A Step Away from History
DETROIT -- It never felt in doubt, and my hands still haven't left my head from all of the amazement. The entire second half my fingers either covered my mouth or grabbed my red hair from the pure madness of the whole scene.
Eight teams remain in America. Eight schools. Eight fan clubs. Eight communities. Davidson is an Elite Eight team. Read it again: Davidson is an ELITE EIGHT TEAM.
Simply, we were loose. We knew we belonged on America's biggest stage. A loose ball fell to McKillop's feet he picked it up, dribbled through his legs twice, flashed his million-dollar smile, and sent a chest pass back to the refs.

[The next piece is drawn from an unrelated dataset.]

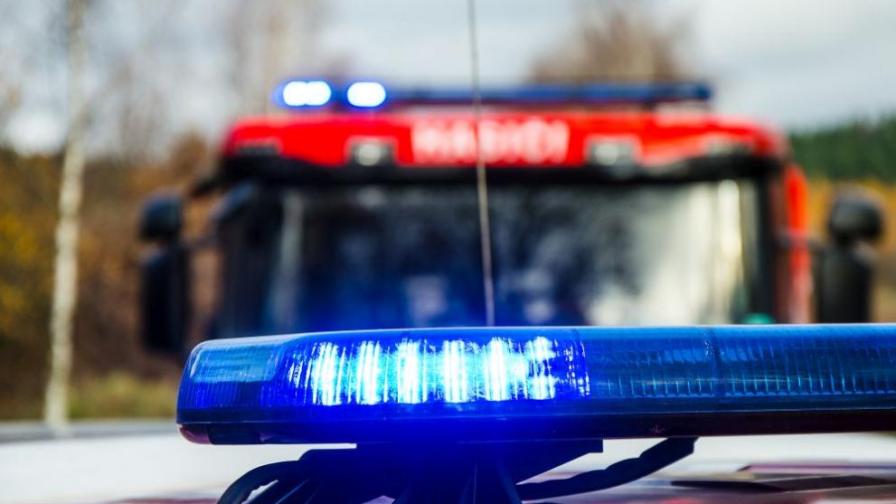 Свидетел за запалените камиони край Петрич: Пожарът не е случаен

We began the verbal procession: BOB Mah-Kill-Up-ClapClapClapClapClap…
Our group sat behind Chris Alpert and Brandon "Ozone” Williams, two of Davidson's best players since Bob McKillop took the reigns. During the dismantling of Wisconsin—especially the second half when Steph outscored the Badgers all on his lonesome—all these legends could do was shake their heads and smile.
Ford Field is monstrous. It has its own zip code. Our chants that usually rattle Belk Arena felt like they could barely even be heard near the court. 60,000 people at a basketball game. Are you kidding me? Sixty thousand people at a Davidson basketball game. Are you kidding me?
Even with all those numbers, the place felt cavernous. That was until eight minutes left in the game when we started our anthem. Andrew Lovedale stepped to the foul line for an "and one." We led by 15 at the time. We screamed "Sweet Caroline" at the top of our lungs. Andrew missed his free throw, but it didn't faze us, or the team. We were up by 15 then, and I don't think anything could have brought us down.
Probably the biggest moment in the game: Steph slowly jogs down the left side of the court. He perfected his change of pace, blitzes by Michael Flowers — touted by some as the best defender in the nation — receives a bounce pass from Jason Richards (1 of his 13 assists), gets hit as he goes to the basket, spins in the air, flouts behind the backboard, throws up the ball with english, whistle blows, basket counts, and LeBron James — sitting behind the Davidson bench — goes "wow." LeBron James likes Steph. LeBron James is a Davidson College supporter. I go "wow."
Dell and Sonya Curry leave the arena while many of the Davidson fans watch the Kansas/Villanova game. Everyone stands to applaud which simply says, "thank you for your son.”
During the Kansas pummeling of Villanova a Detroit high school teacher sitting in front of me keeps turning around to give me tips on what to write about, "You should talk about them being a Cinderella story." I thank him for his astute observation. As he explains to me that Detroit is the city without consequences, he says, "We don't even have this many people for a Lions' game."
A new cat has taken over Detroit.
Leaving the arena in the Detroit night, we, the fans, become the focus of all Detroit. We are celebrated by everyone we pass by for no more than wearing Davidson paraphernalia. The once ghost town Detroit lives, and lives to support Davidson. A Wisconsin fan asks "Hey, can you take pictures with me and pretend to kick the s**t out of me?” Another Wisconsin fan offers me $60 for my Davidson Soccer raincoat.
Yet, in all this hoopla, our group of four answered this question on Friday about 21 times: "Where is Davidson?”
Instead of being annoyed with it, it's a point of pride.
Come Sunday night, if you don't know where Davidson is, just ask us. We'll hopefully tell you, "On its way to San Antonio.”
Day of rest today, but there will be tons of press on Davidson. Davidson has never made it to a final four, but has gone to the elite eight twice before. I'll tell you tomorrow how all of Davidson Nation is responding to the melee.